By: Virginia Conn
Lauren M.E. Goodlad, professor of English and Comparative Literature at Rutgers University, asked the following provocative question at Comp Lit’s inaugural Spring 2020 Brown Bag Lunch: how did a study of genre and the longue durée end
up addressing artificial intelligence in the present day? She began by postulating that the pronouncement of billionaire investor Mark Cuban is typical of the zeitgeist today: “AI is going to change everything. There’s nothing that AI won’t impact.” Whether AI so conceived is just the latest speculative bubble—or rather the end of life as we know it—is a question Goodlad ponders at the close of her essay, “Genres that Matter: The Long Afterlives of Nineteenth-Century Fiction,” which is forthcoming this fall and upon which her talk was based.
To historicize and situate the impact of artificial intelligence, machine learning, and big data on the question of genre, Goodlad referred to four touchstones for her work: Fernand Braudel’s claim that the work of the longue durée historiographer is to cultivate awareness of temporal plurality; Franco Moretti’s effort to theorize genre by drawing on evolutionary biology to conceive genres as coherent types that vie with one another in a bid for survival of the fittest; Wai Chee Dimock’s claim for deep time, which conceives generic transtemporality by analogy to fractal geometry; and Ted Underwood’s move towards genre analysis through machine-generated scatterplots. Notably, all these longue durée analyses conceive genre as a relatively fixed and transparent object: for Moretti, a macro-category for tracing the DNA of dominant types of cycles, for Dimock, a neutral vehicle for fractal forays into the past, and for Underwood, a fundamentally lexical object ideal for statistical analysis. As such, none of them offer the nuanced genealogy or transtemporal comparativism that might encourage rapproachment between the formal and historical methods that is the focus of Goodlad’s work.
She recuperates the idea of genre as something that doesn’t exist in a vacuum, as there can be no “horizon” without circulation, nor “expectation” without perceiving subjects. Genre, therefore, is as much about the legibility of conventions for particular readers as about authors’ intentions or critics’ taxonomies. Her point during the talk was not so much that these works create problems for distant reading as that distant readers who single out this one scale of analysis create problems for themselves. A strong genre theory, much like an influential genre itself, operates at multiple scales. As such, genres so theorized not only operate supratextually as the articulation of types and intertextually (as in the influence of old forms on new), but also intratextually.

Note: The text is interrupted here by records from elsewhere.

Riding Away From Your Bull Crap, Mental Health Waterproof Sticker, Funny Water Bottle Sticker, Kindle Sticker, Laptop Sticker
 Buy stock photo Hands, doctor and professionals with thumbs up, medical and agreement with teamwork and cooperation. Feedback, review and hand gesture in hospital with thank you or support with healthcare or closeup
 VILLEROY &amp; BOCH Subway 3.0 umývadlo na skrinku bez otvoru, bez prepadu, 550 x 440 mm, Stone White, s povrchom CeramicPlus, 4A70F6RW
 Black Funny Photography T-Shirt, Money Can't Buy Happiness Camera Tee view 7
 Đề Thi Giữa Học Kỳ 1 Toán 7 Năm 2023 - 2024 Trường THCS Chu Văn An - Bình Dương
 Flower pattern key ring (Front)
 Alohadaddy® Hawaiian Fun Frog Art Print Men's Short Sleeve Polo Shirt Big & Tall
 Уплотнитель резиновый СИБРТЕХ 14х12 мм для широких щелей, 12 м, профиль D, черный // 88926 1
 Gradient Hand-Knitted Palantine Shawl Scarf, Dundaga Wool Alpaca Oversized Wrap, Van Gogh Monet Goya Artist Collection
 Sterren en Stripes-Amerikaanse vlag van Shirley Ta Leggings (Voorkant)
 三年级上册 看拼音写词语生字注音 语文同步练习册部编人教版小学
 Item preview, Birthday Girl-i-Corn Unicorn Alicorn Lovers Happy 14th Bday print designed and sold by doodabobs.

What does this ultimately mean for literary and digital humanists? Goodlad suggests that DH modelers clarify their statistical assumptions: not because quantitative tools are necessarily untrustworthy, but because DH computationalists cannot be both conventional data scientists when arguing for robust results and postmodern experimentalists when rejecting the mantle of statistics, empiricism, or positivism. Plainly put: overstated claims on the part of computational theorists play into the hype and confusion about AI, data, and enhance the tremendous economic and cultural power of those who most benefit already. As humanist researchers and teachers in the 21st century, we have more important things to do than protect tech bros from their own hubris.